=== ABOUT THIS TASK ===
The data below is to be written out exactly, with no pictures.

RECORDED DATA START

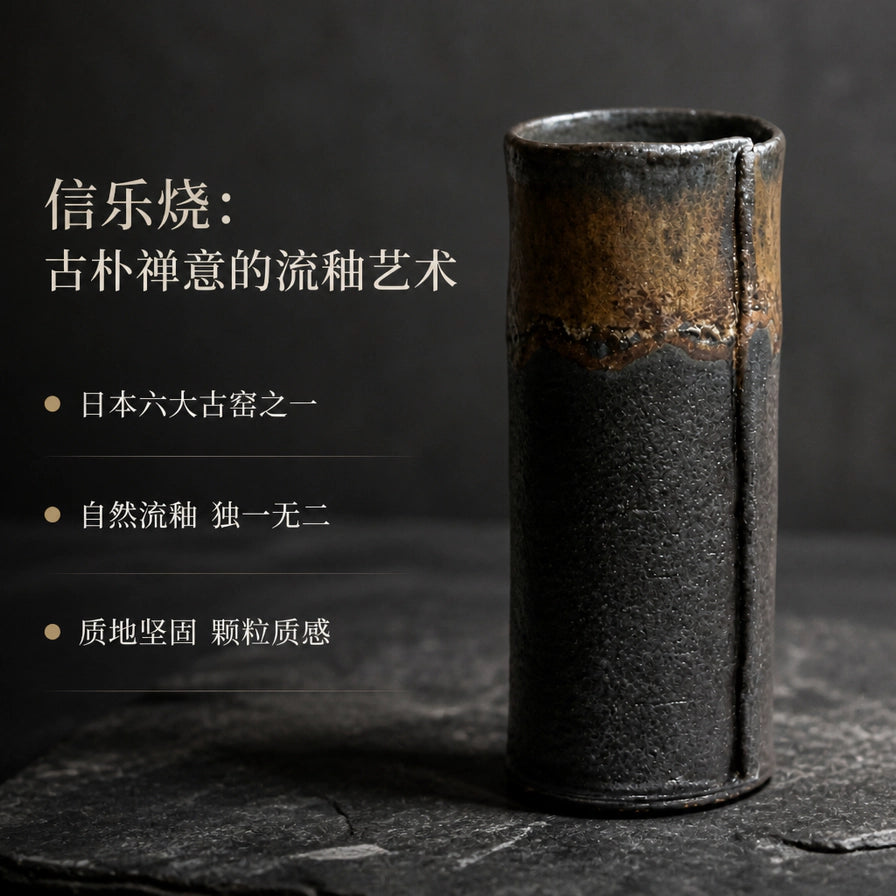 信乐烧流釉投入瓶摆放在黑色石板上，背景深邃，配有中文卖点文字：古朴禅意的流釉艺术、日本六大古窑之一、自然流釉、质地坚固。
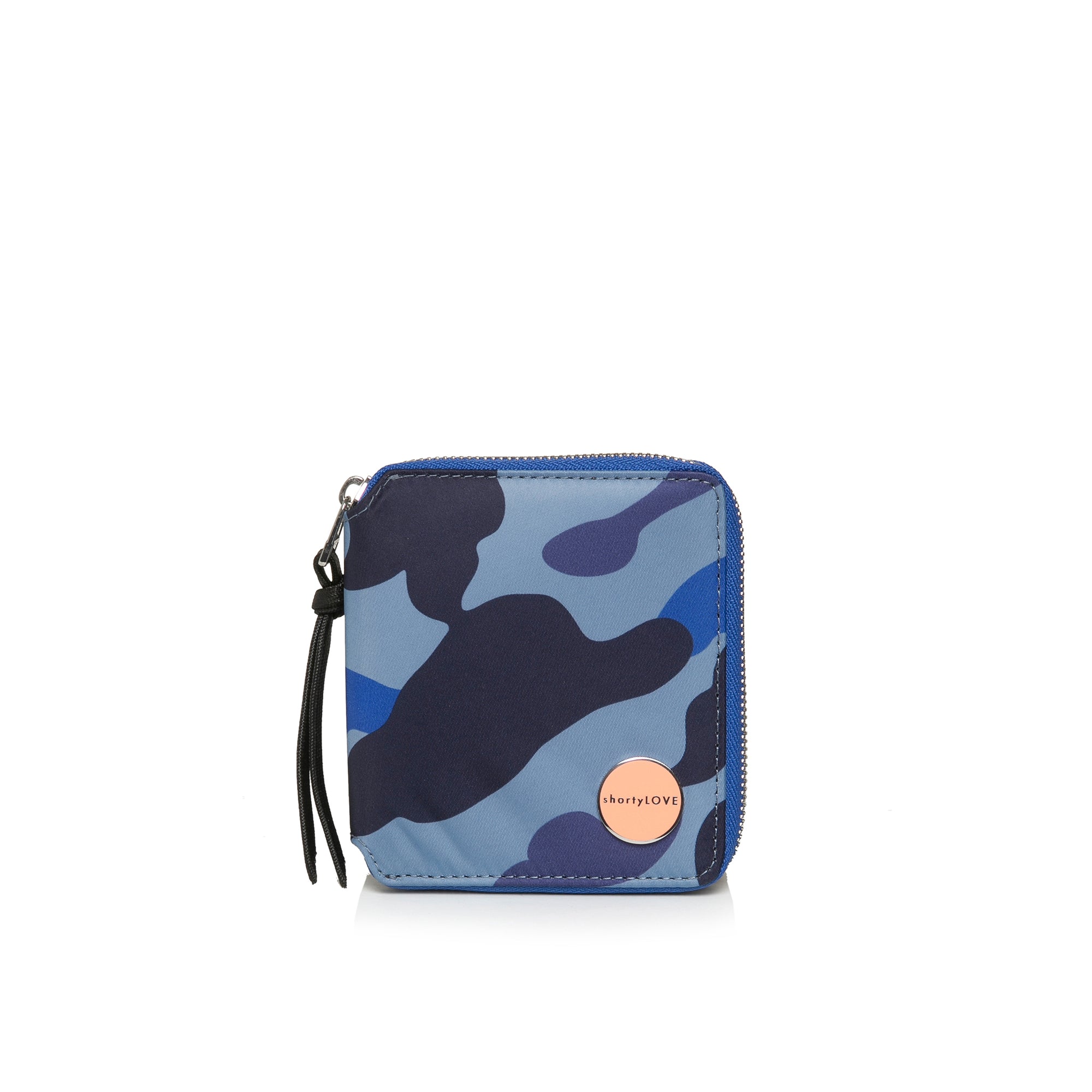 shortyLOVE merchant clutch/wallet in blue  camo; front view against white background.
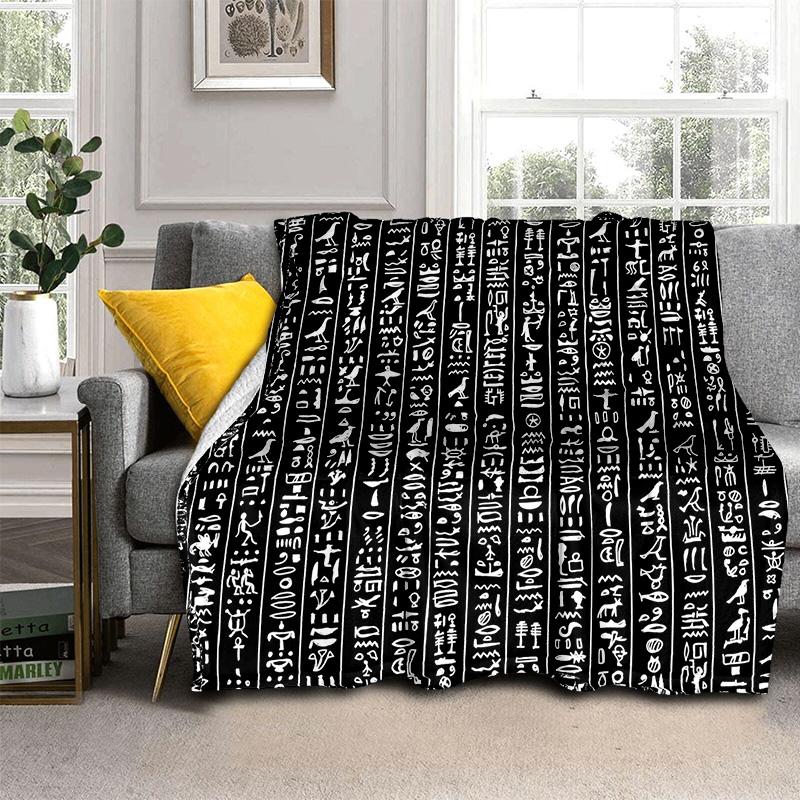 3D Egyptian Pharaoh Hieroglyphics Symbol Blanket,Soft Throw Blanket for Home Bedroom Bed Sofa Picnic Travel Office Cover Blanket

RECORDED DATA END

=== RESULT ===
 信乐烧流釉投入瓶摆放在黑色石板上，背景深邃，配有中文卖点文字：古朴禅意的流釉艺术、日本六大古窑之一、自然流釉、质地坚固。
 shortyLOVE merchant clutch/wallet in blue  camo; front view against white background.
 3D Egyptian Pharaoh Hieroglyphics Symbol Blanket,Soft Throw Blanket for Home Bedroom Bed Sofa Picnic Travel Office Cover Blanket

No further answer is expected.